Examples of in-text citations:

According to a study by Snow (1982, as cited in Brown, 2014), 75% of students believe that teachers should not assign nightly homework.

Note: If you don't have the publication date of Snow's article, you just omit it like this:
According to a study by Snow (as cited in Brown, 2014), 75% of students believe that teachers should not assign nightly homework.

In fact, 75% of students believe that teachers should not assign nightly homework (Snow, 1982, as cited in Brown, 2014).

Snow (1982, as cited in Brown, 2014) concluded that "nightly homework is a great stressor for many students" (p.34).

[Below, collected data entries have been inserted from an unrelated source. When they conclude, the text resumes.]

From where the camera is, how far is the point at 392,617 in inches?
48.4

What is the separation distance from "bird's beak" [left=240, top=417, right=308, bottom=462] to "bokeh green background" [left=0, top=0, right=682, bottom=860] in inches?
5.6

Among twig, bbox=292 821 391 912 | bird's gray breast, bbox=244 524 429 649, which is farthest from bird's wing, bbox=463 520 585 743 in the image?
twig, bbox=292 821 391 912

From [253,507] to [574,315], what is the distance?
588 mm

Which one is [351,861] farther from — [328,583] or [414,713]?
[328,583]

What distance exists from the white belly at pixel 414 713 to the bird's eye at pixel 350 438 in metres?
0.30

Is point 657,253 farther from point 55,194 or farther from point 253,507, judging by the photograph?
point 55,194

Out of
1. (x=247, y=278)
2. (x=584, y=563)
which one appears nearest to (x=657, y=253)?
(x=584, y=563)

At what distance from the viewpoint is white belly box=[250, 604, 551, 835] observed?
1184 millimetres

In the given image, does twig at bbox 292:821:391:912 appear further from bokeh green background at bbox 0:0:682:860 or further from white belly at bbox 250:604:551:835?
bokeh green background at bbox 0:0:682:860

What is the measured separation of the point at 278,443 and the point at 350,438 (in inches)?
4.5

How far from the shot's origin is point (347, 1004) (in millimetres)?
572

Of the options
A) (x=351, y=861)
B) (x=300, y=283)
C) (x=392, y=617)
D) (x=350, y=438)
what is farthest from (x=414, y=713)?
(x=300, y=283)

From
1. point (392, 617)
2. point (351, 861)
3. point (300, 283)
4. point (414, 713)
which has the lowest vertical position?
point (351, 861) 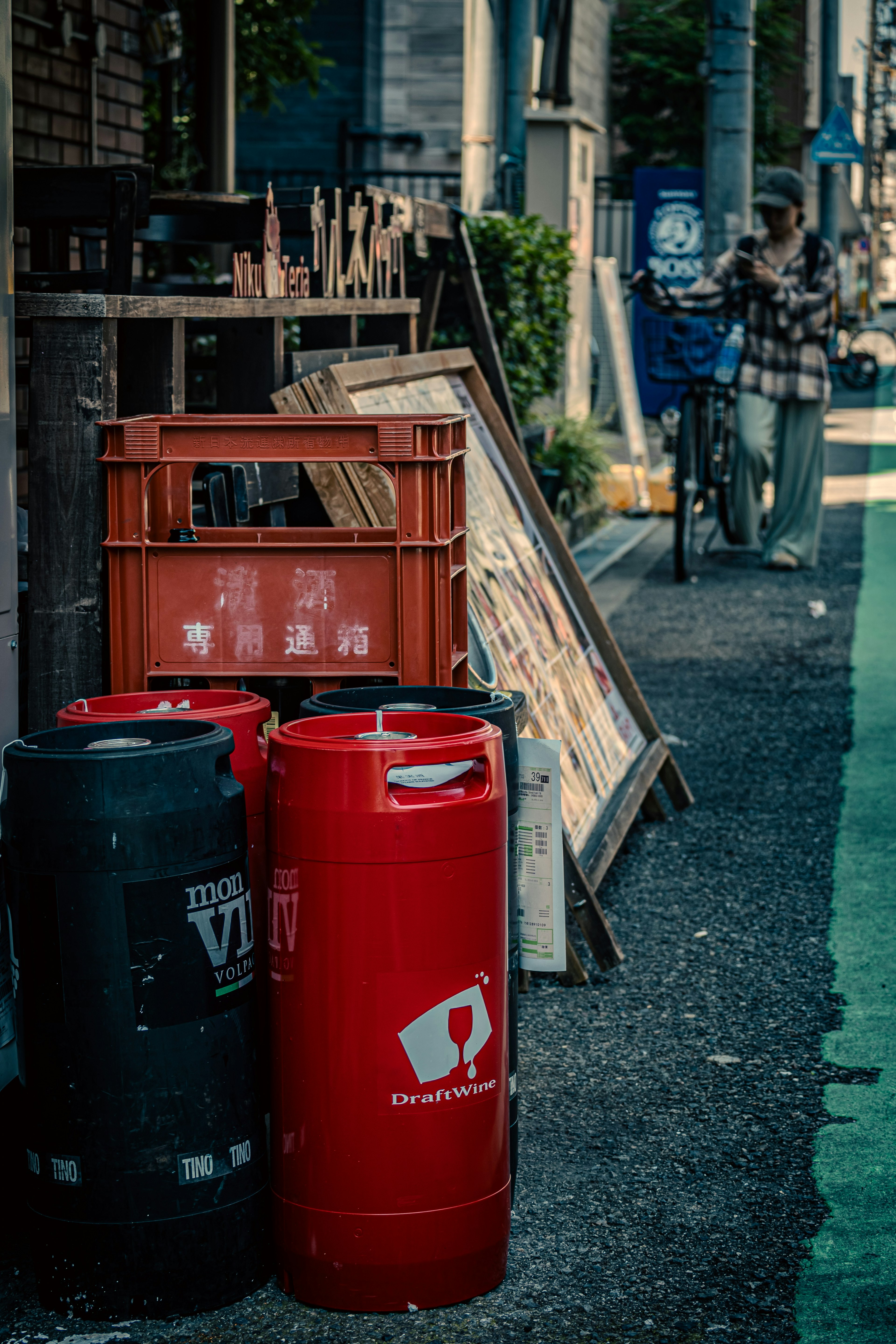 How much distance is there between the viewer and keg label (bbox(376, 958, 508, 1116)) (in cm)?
247

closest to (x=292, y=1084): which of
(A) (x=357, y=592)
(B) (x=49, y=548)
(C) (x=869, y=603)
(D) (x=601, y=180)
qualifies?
(A) (x=357, y=592)

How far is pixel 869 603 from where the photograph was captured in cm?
946

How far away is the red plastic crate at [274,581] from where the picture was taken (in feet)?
10.4

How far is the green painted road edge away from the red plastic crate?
124cm

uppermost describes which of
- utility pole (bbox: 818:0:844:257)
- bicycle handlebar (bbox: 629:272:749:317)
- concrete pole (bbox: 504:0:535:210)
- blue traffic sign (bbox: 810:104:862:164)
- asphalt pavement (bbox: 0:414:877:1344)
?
utility pole (bbox: 818:0:844:257)

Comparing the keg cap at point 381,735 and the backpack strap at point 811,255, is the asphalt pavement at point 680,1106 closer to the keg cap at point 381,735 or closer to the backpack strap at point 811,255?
the keg cap at point 381,735

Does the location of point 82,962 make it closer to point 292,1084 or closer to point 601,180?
point 292,1084

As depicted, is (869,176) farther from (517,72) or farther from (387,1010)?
(387,1010)

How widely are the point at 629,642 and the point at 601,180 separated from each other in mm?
15258

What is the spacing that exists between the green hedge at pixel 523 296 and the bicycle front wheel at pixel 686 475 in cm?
101

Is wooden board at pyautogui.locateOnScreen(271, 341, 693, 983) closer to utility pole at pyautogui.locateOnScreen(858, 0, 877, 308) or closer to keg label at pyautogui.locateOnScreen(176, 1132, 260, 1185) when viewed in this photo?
keg label at pyautogui.locateOnScreen(176, 1132, 260, 1185)

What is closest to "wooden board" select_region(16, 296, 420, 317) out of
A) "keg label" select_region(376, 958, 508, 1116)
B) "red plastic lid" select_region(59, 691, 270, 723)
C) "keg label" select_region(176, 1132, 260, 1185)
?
"red plastic lid" select_region(59, 691, 270, 723)

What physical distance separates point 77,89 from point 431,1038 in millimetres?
6234

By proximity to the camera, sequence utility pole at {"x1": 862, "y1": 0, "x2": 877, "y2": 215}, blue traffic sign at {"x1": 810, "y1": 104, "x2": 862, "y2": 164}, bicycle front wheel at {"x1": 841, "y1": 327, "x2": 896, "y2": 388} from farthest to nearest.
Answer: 1. utility pole at {"x1": 862, "y1": 0, "x2": 877, "y2": 215}
2. bicycle front wheel at {"x1": 841, "y1": 327, "x2": 896, "y2": 388}
3. blue traffic sign at {"x1": 810, "y1": 104, "x2": 862, "y2": 164} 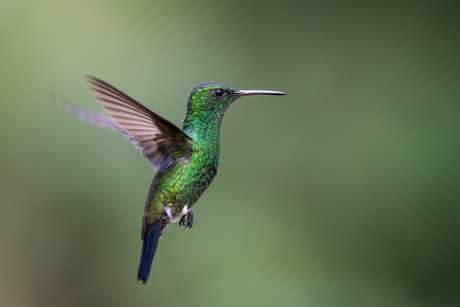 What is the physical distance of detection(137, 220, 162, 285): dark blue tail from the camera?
853mm

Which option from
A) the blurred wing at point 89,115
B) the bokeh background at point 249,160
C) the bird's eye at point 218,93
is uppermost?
the bird's eye at point 218,93

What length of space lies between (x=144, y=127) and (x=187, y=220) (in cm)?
21

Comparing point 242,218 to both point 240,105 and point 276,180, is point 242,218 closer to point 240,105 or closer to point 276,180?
point 276,180

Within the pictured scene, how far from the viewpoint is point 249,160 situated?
313 cm

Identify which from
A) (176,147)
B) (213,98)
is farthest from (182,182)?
(213,98)

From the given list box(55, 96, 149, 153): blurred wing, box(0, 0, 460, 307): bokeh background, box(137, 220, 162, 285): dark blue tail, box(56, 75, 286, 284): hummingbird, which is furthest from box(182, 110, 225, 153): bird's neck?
box(0, 0, 460, 307): bokeh background

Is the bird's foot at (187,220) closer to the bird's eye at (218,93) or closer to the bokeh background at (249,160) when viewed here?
the bird's eye at (218,93)

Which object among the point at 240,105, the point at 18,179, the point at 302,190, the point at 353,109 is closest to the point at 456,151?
the point at 353,109

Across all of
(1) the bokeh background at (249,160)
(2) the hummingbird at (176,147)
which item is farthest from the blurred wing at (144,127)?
(1) the bokeh background at (249,160)

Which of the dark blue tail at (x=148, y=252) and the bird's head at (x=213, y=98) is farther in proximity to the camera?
the bird's head at (x=213, y=98)

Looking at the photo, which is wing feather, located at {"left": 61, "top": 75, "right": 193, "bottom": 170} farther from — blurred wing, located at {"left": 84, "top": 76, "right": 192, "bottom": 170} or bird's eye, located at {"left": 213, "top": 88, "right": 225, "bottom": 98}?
bird's eye, located at {"left": 213, "top": 88, "right": 225, "bottom": 98}

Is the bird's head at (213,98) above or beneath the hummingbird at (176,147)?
above

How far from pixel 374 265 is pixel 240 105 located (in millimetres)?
1321

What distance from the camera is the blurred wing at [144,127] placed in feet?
2.58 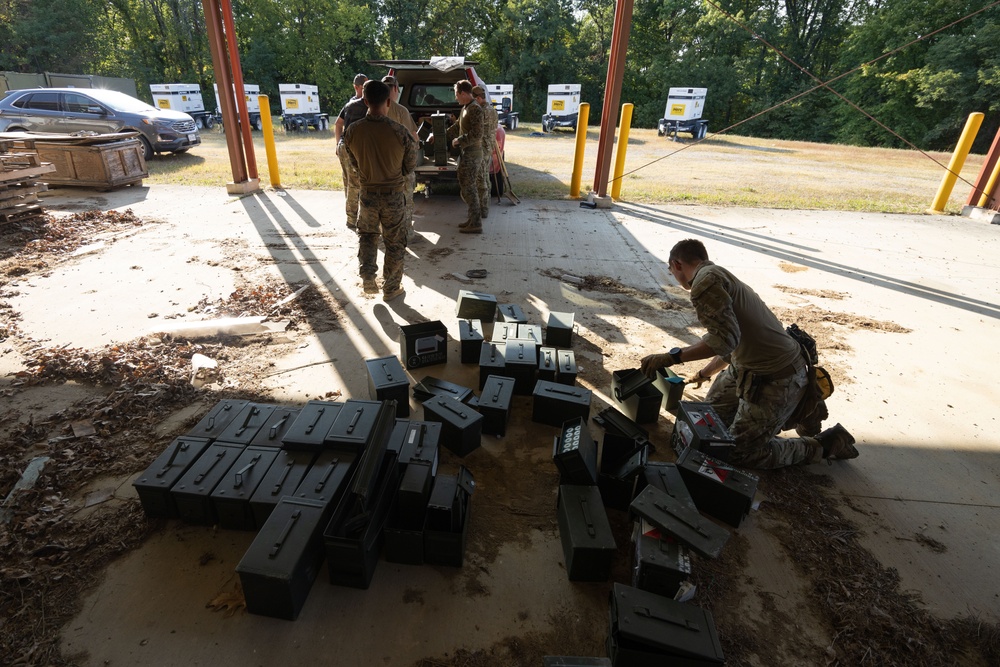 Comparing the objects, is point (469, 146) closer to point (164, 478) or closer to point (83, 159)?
point (164, 478)

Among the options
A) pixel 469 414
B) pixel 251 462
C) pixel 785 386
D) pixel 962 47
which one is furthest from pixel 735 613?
pixel 962 47

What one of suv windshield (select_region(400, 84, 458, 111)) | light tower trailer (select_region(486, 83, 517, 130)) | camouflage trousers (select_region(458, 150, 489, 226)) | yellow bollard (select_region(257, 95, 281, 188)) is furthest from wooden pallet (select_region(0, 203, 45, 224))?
light tower trailer (select_region(486, 83, 517, 130))

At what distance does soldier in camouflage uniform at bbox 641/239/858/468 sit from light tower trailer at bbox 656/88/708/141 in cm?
2127

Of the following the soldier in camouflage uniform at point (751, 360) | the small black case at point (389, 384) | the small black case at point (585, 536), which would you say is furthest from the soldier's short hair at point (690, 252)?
the small black case at point (389, 384)

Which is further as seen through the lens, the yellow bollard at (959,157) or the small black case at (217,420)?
the yellow bollard at (959,157)

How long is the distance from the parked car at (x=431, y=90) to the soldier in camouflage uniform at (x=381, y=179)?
112 inches

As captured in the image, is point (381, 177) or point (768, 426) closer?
point (768, 426)

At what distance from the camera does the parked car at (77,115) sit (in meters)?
12.0

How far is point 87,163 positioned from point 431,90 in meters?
6.54

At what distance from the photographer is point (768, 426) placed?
308 cm

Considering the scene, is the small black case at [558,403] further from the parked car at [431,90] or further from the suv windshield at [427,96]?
the suv windshield at [427,96]

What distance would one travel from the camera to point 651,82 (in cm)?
3188

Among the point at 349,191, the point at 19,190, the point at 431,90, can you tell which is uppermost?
the point at 431,90

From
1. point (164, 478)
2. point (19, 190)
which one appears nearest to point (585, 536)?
point (164, 478) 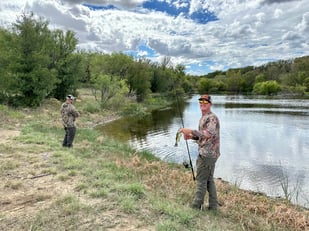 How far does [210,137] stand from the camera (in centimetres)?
474

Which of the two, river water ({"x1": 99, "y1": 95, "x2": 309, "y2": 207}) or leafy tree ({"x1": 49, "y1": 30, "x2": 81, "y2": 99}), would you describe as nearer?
river water ({"x1": 99, "y1": 95, "x2": 309, "y2": 207})

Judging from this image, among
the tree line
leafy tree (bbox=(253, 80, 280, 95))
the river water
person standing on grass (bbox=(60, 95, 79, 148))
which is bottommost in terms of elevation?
the river water

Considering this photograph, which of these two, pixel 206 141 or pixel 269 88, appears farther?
pixel 269 88

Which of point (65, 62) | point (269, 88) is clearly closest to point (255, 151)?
point (65, 62)

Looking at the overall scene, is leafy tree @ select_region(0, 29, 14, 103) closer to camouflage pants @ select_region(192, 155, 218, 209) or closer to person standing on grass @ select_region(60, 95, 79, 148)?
person standing on grass @ select_region(60, 95, 79, 148)

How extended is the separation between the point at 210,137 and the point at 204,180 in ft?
2.65

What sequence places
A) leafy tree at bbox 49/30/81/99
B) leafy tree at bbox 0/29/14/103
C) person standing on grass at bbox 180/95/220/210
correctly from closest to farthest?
1. person standing on grass at bbox 180/95/220/210
2. leafy tree at bbox 0/29/14/103
3. leafy tree at bbox 49/30/81/99

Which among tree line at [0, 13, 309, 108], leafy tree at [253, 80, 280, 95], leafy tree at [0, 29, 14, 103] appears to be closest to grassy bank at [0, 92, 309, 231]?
tree line at [0, 13, 309, 108]

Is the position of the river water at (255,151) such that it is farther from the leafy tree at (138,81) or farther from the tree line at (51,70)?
the leafy tree at (138,81)

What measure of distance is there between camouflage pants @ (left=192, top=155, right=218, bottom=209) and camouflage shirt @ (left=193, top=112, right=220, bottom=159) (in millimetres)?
118

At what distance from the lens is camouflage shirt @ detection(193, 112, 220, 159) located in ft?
15.6

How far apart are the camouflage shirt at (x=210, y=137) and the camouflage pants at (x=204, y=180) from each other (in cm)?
12

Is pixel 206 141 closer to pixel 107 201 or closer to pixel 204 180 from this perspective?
pixel 204 180

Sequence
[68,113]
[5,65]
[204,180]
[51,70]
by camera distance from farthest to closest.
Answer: [51,70] → [5,65] → [68,113] → [204,180] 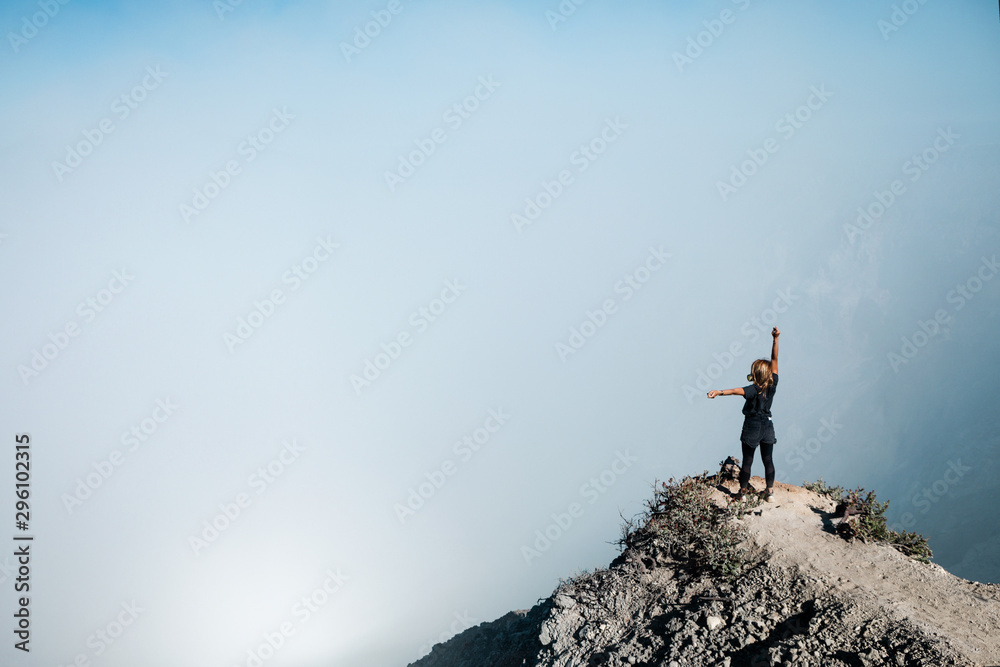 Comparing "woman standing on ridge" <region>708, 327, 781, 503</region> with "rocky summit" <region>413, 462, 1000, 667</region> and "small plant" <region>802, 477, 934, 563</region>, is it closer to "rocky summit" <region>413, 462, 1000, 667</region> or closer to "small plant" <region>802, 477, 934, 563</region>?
"rocky summit" <region>413, 462, 1000, 667</region>

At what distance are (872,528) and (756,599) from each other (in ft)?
11.4

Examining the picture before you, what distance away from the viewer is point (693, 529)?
40.3 ft

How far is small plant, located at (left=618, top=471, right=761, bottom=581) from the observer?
38.3 ft

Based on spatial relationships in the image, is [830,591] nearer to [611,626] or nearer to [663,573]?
[663,573]

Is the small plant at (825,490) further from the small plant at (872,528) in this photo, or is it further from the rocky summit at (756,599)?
the small plant at (872,528)

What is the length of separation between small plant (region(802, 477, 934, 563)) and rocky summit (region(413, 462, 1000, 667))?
92mm

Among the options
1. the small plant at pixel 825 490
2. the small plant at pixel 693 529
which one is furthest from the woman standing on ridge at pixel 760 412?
the small plant at pixel 825 490

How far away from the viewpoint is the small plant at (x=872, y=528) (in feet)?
39.2

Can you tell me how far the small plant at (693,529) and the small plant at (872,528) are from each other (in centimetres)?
173

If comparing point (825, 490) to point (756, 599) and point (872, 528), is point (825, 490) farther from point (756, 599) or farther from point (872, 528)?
point (756, 599)

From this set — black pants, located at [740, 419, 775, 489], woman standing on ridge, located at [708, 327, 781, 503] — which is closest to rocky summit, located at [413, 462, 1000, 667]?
black pants, located at [740, 419, 775, 489]

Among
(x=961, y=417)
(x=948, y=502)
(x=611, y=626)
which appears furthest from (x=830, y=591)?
(x=961, y=417)

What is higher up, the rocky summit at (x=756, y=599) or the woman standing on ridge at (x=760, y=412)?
the woman standing on ridge at (x=760, y=412)

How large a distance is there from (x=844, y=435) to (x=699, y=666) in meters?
156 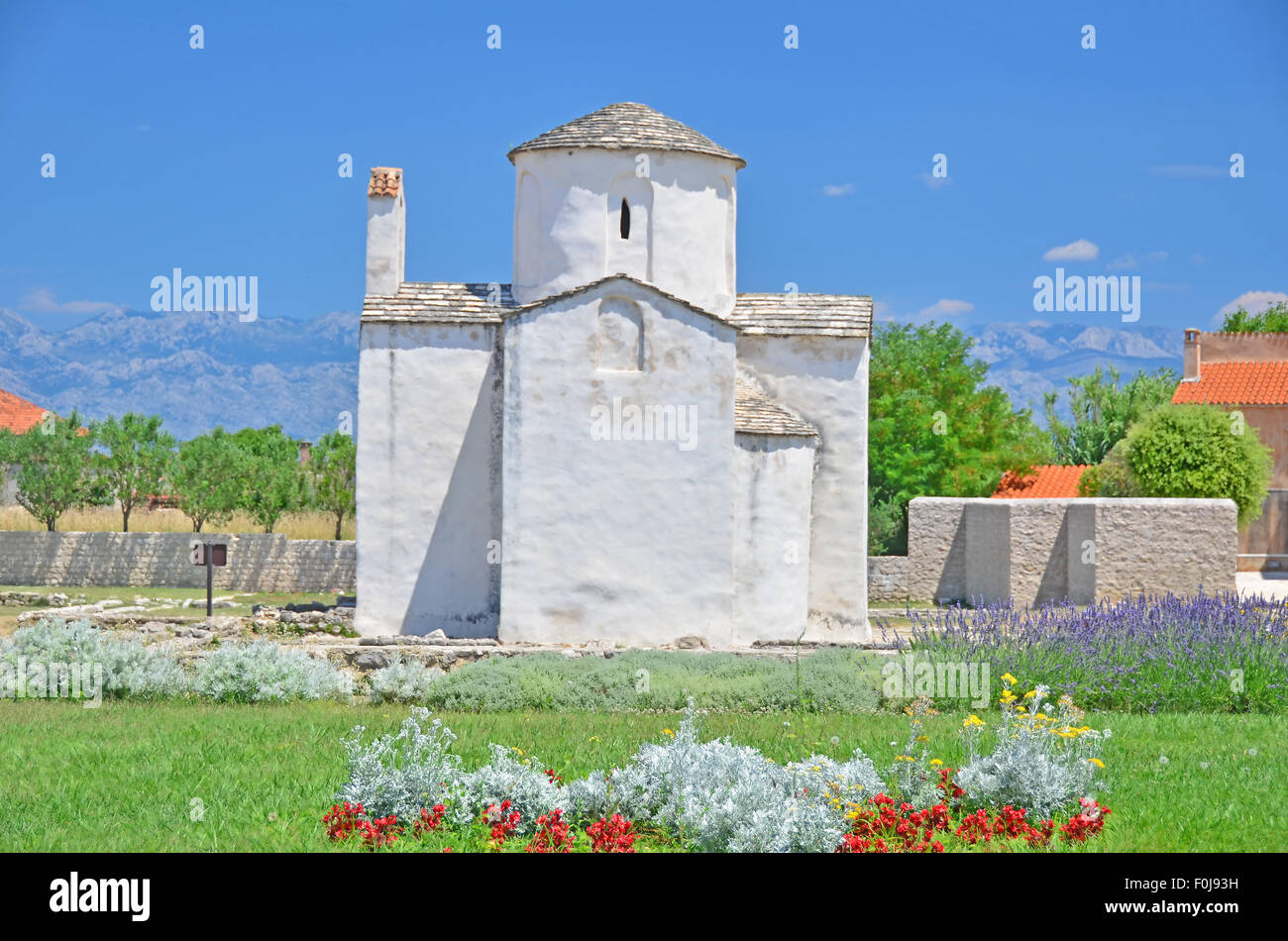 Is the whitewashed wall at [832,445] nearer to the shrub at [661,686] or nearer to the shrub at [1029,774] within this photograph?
the shrub at [661,686]

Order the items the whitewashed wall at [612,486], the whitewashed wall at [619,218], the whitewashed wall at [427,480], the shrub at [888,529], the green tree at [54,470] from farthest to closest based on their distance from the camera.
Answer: the shrub at [888,529]
the green tree at [54,470]
the whitewashed wall at [619,218]
the whitewashed wall at [427,480]
the whitewashed wall at [612,486]

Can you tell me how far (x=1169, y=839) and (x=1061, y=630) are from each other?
576 cm

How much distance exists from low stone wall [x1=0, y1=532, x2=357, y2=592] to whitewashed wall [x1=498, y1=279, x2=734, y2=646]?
43.3 feet

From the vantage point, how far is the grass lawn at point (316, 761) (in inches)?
279

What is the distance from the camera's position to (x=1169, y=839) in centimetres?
686

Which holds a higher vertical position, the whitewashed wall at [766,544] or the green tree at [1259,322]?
the green tree at [1259,322]

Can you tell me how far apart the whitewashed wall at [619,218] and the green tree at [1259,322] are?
45.7 m

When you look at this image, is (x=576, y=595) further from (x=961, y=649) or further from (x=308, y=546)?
(x=308, y=546)

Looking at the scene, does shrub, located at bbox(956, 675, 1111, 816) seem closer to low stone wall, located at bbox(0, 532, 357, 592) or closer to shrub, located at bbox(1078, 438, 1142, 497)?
low stone wall, located at bbox(0, 532, 357, 592)

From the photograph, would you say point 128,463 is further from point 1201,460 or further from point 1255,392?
point 1255,392

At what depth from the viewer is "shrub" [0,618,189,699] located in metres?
12.6

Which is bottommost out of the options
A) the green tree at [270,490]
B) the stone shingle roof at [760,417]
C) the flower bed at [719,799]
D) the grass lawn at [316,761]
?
the grass lawn at [316,761]

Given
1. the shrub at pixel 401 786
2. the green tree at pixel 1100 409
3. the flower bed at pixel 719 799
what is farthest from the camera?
the green tree at pixel 1100 409

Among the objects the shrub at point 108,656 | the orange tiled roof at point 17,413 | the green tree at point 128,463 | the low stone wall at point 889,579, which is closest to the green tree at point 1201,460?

Example of Reference list citation:

Brown, S. (2014). Trends in homework assignments. Journal of Secondary Studies12(3), 29-38.

FAQ: How do I cite more than one source in one in-text citation

If you would like to cite more than one source within the same in-text citation, simply record the in-text citations as normal and separate them with a semi-colon. List the sources alphabetically by author's last name or first word used from the title if no author is given, in the same order they would appear on the References List.


(Bennett, 2015; Smith, 2014). 

(Brock, 2016; "It Takes Two,"  2015).